Benim devletimi yöneten kadroların bir sanat dalıyla ilgilenmeleri, ömrüm boyunca, " Allah'ım bir gün bana göster" diye dua ettiğim hayalimdir!
Çünkü, biz böyle bir devlet geleneğinin, medeniyetinin evladıyız..!
Nice han, sultan, padişah şairdir, bestekardır, tarihimizde..!
Nice sadrazamlar, paşalardan şair, bestekar vardır kültürümüzde!
Aslına bakarsanız, neredeyse sanatın bir dalıyla uğraşmayan devletlü göremezsiniz! Devletlü, ülkesindeki sanatçıyı, sarayının baş köşesinde konumlandırmıştır da ondan..! Sanatın bir dalıyla iştigal etmişler, edemeyenler de sanatçılara himmet etmiş, onları himaye etmişlerdir.
İslam coğrafyasında , Türk nereye ayağını basmışsa orada mutlaka devletin ya da devletlünün himaye ettikleri sanatçıların eserlerini görürsünüz.
Hatta, Allah muhafaza, ne zaman ki, bir İslam beldesi İşgal edilse, işe o eserleri tarumar ederek başlamıştır küffar!
Daha yakın zamanda batıda Mostar Köprüsü...! Şimdilerde doğuda Karabağ Şuşa..!
Ne zaman, devlet ve devletlü sanat ve sanatçıdan kopmuş, bayağılaşma başlamıştır!
İşin tehlikesi şu ki, bayağılaşma en tehlikeli mikroptur, kimliksizleştirir!
Kimliksizlik ise hayatı anlamsızlaştırır, insan fıtratını bozar, emperyalizmin istediği sadece, "Tüketen insan" modelini ortaya çıkarır!

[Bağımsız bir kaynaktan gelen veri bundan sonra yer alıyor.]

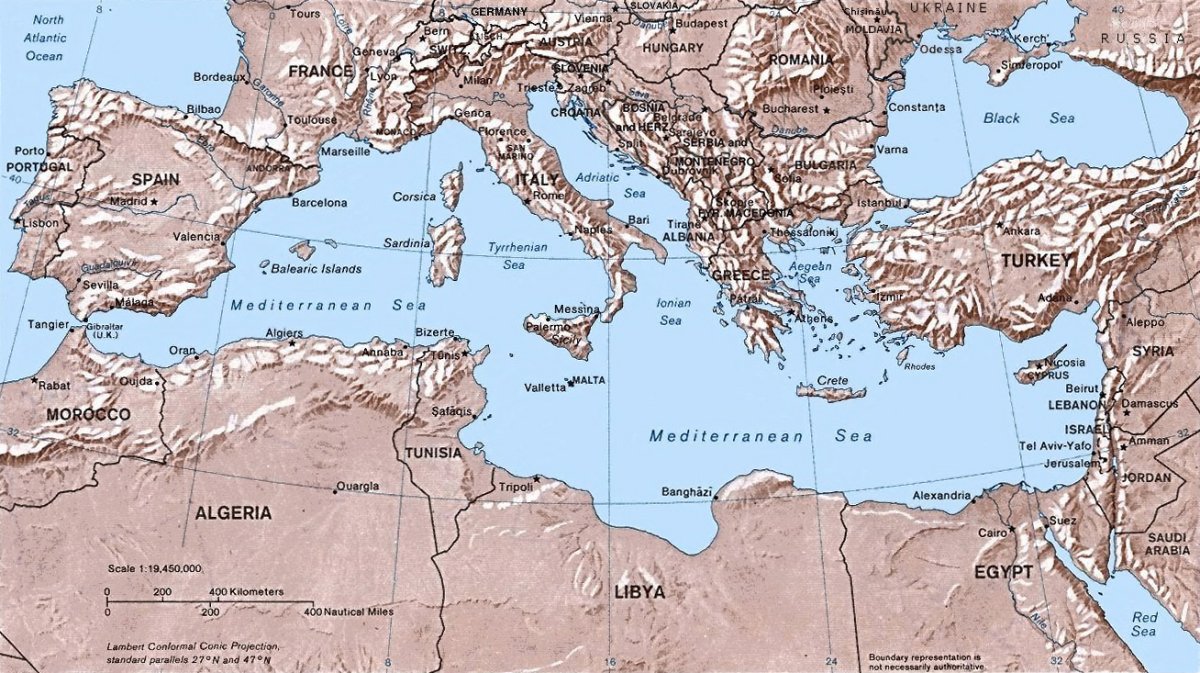 Карта Средиземного моря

Hele hele bu insan Türk, devlet de Türk Devletiyse, tüm dünyanın mizanı kayar!
Bugün yaşadığımız hal, aynen budur!
Sadece karnının açlık derecesiyle, devletiyle mesafe belirleyen vatandaş profili...
Ve tabiatıyla da itibar gören, "Bizim askerimizin Libya'da ne işi var " edepsizliği ..!

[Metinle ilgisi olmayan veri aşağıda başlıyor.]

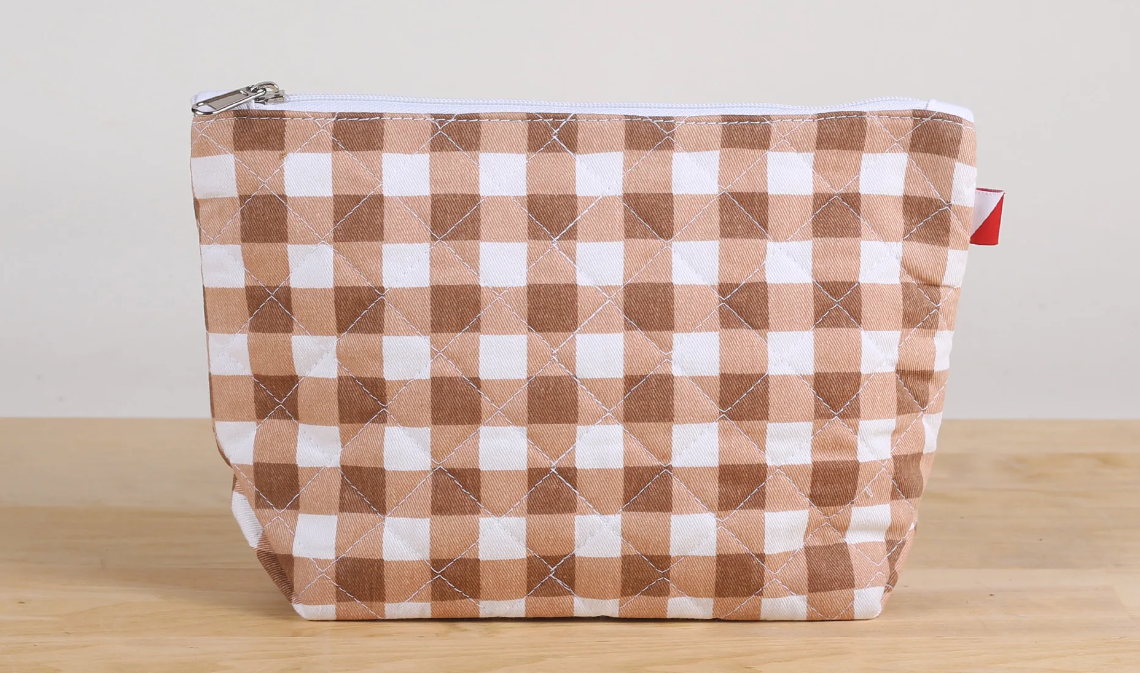 Quilted Gingham Zip Pouch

Oysa, Şam, Halep, Trablusgarp İstanbul 'dan daha eski Türk vatanı, İslam beldesidir!
Her bir köşesi de devletin, devletlünün himaye ettiği, Türk İslam Medeniyeti sanatçılarının eserleriyle doludur.
Ne zaman ki, "Medeniyetler Çatışması" mimarları dünyaya el attılar, sanat menfi ya da müspet anlamda en belirleyici enstrüman oldu.

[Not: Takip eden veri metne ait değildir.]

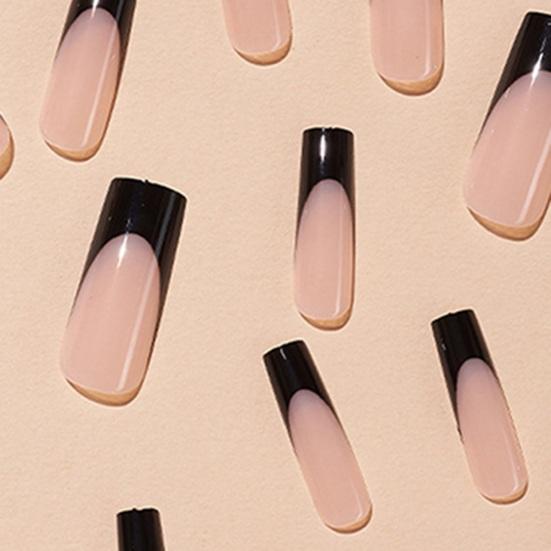 24 шт. элегантные французские ногти, модные, прочные, прямоугольные, дизайн водопроводных труб, натуральные накладные ногти для стильного вида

Savaşın en kanlısı bu alanda veriliyor!
Hatırlayın, Selahattin Demirtaş'ın elindeki bağlamayı?
Uyuşturarak, uyutarak, bir organ mafyası gibi parça parça ederek götürüyor!
Ruhumuz bile duymadı, duymuyor, böyle giderse korkarım ki, duymayacak da..!
Sanatçının da sanatseverin de içinde olduğu siper, önem kazandı.
Hangi mevzide, kiminle omuz omuza..?
Lafı epey uzattığımın farkındayım, çünkü bu hususta çok mustaribim!
Geçende, Sayın İbrahim Kalın Bey'i bağlamasıyla dinlediğimde, çok ama çok sevinmiştim. Sayın Kalın ile Sayın Erkan Oğur, beraber klip yayınladılar, akabinde sol, marjinal vandallıkla başladı mahalle baskısına!
Sonuç, Sayın Erkan Oğur hemencecik mahallesine mahcubiyetini ifade etti, sıyrıldı(!)
Aslında mesele nedir biliyor musunuz ?
Sayın İbrahim Kalın, söz konusu sanat ise, karşı mahalleden biriyle aynı karede olmakta bir beis görmediler.
Lakin, Sayın Oğur'u mahallelileri yakasından paçasından tutup, siperlerine çektiler! Sonra da Sayın Oğur kendi mahallesine savunma verirken sözü incitti, neticesinde de Sayın Kalın incindi!
Bana da sorarsanız, " Lanet olsun içimizdeki şu muhacir sevgisine..." derim!